La question de la migration, décisive pour le sort de l’Europe

La question de la migration, décisive pour le sort de l’Europe, © dpa

25.09.2020 - Article

La présidence allemande du Conseil de l’Union européenne a salué le Pacte sur la migration et l’asile proposé mercredi 23 septembre par la Commission européenne. Berlin va engager des pourparlers avec les États membres en vue de trouver au plus vite un accord.

Le ministre allemand de l’Intérieur s’est félicité mercredi des propositions de réforme de la politique européenne sur la migration et l’asile présentées par la présidente de la Commission européenne, Ursula von der Leyen. C’est « une bonne base sur laquelle je vais, sans tarder, entamer des pourparlers concrets avec les Etats membres de l’Union européenne (UE) », a déclaré Horst Seehofer.
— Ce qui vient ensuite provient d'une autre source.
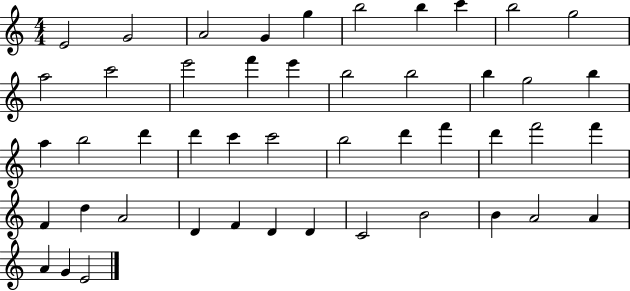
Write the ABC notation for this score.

X:1
T:Untitled
M:4/4
L:1/4
K:C
E2 G2 A2 G g b2 b c' b2 g2 a2 c'2 e'2 f' e' b2 b2 b g2 b a b2 d' d' c' c'2 b2 d' f' d' f'2 f' F d A2 D F D D C2 B2 B A2 A A G E2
Le ministre allemand de l‘Intérieur, Horst Seehofer, a salué le Pacte sur la migration et l’asile proposé par la présidente de la Commission européenne, Ursula von der Leyen
Le ministre allemand de l‘Intérieur, Horst Seehofer, a salué le Pacte sur la migration et l’asile proposé par la présidente de la Commission européenne, Ursula von der Leyen© AFP/Pool

« Notre objectif, a-t-il ajouté, est de profiter des mois qui nous restent à la présidence du Conseil (de l’Union européenne, ndlr) pour nous entendre au niveau politique sur les principes de la politique migratoire et d’asile de l’UE ».
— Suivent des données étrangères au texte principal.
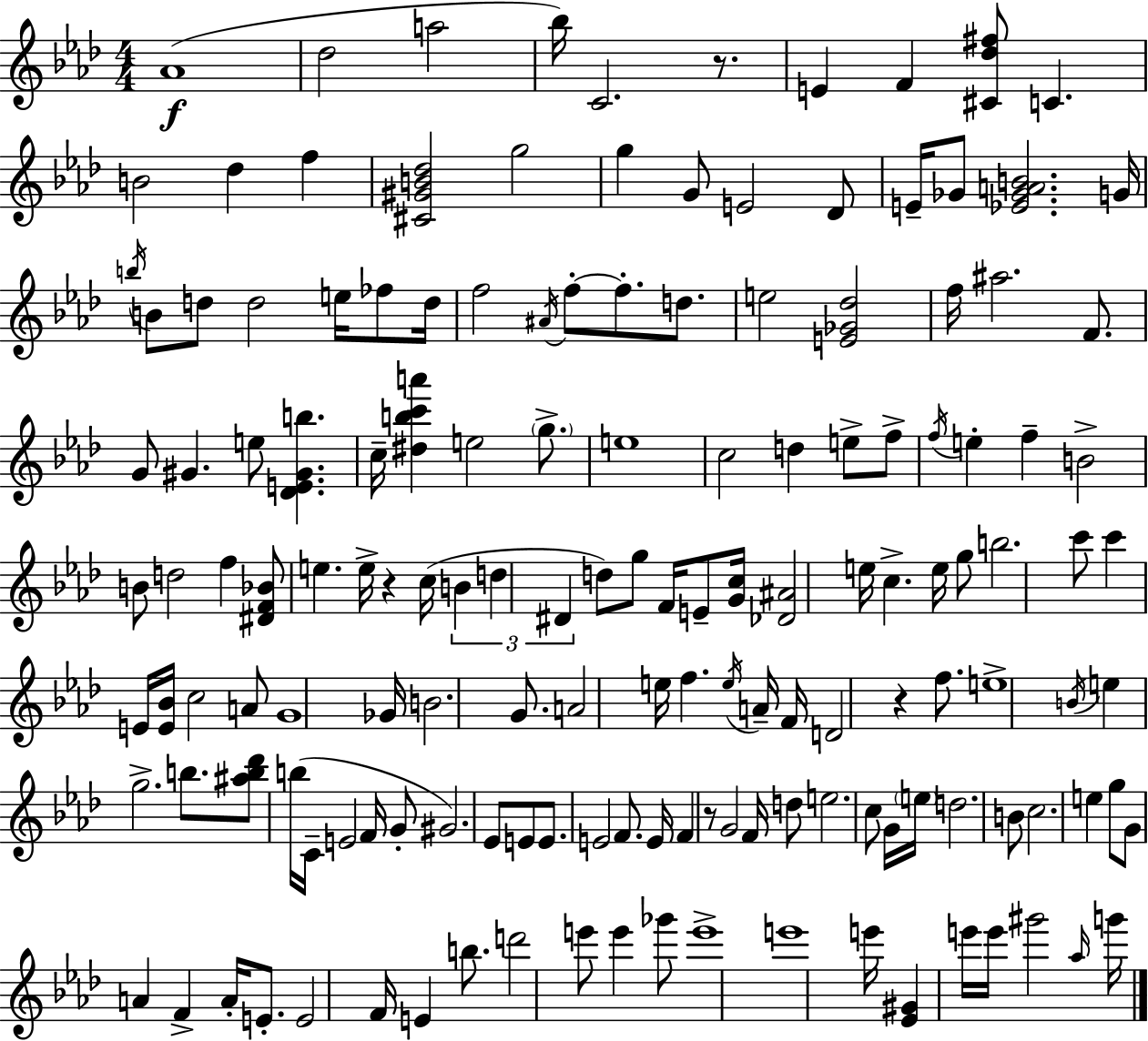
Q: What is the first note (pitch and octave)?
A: Ab4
Le sujet sera donc à l’ordre du jour de la prochaine réunion des 27 ministres européens de l’Intérieur, le 8 octobre. M. Seehofer espère parvenir à un accord d’ici au mois de décembre.

Des propositions pour un nouveau départ

La question de la migration et de l’asile divise depuis plusieurs années les pays de l’UE. Les pays du sud de l’Europe, comme l’Italie, la Grèce ou l’Espagne, en première ligne pour l’accueil des demandeurs d’asile, demandent plus de solidarité européenne. Au contraire, certains pays de l’est du continent se refusent à accueillir des réfugiés sur leur sol.

A Bruxelles, Mme von der Leyen a proposé aux Etats européens un « pacte » qui se veut « juste et raisonnable ». Il établit un équilibre entre les principes de partage équitable des responsabilités et de solidarité, et mise sur des solutions pratiques et réalistes pour remédier aux impasses des procédures actuelles.

Par exemple, le pays chargé de traiter la demande d’asile ne serait plus nécessairement le pays d’arrivée du demandeur. Ce pourrait être un pays dans lequel ce dernier a de la famille, a travaillé ou fait des études, ou pour lequel il a obtenu un visa. La démographie et la situation économique des pays seraient prises en considération dans le choix du pays d’accueil. Ce dernier recevrait une dotation de 10.000€ par adulte.

Par ailleurs, un mécanisme de « solidarité obligatoire » serait institué en cas de pression migratoire sur un Etat membre. Les reconduites dans les pays d’origine seraient accélérées pour les migrants déboutés du droit d’asile. Enfin, les migrants sauvés en Méditerranée devraient être accueillis au sein de l’UE.

Une réforme « décisive pour le sort de l’Europe »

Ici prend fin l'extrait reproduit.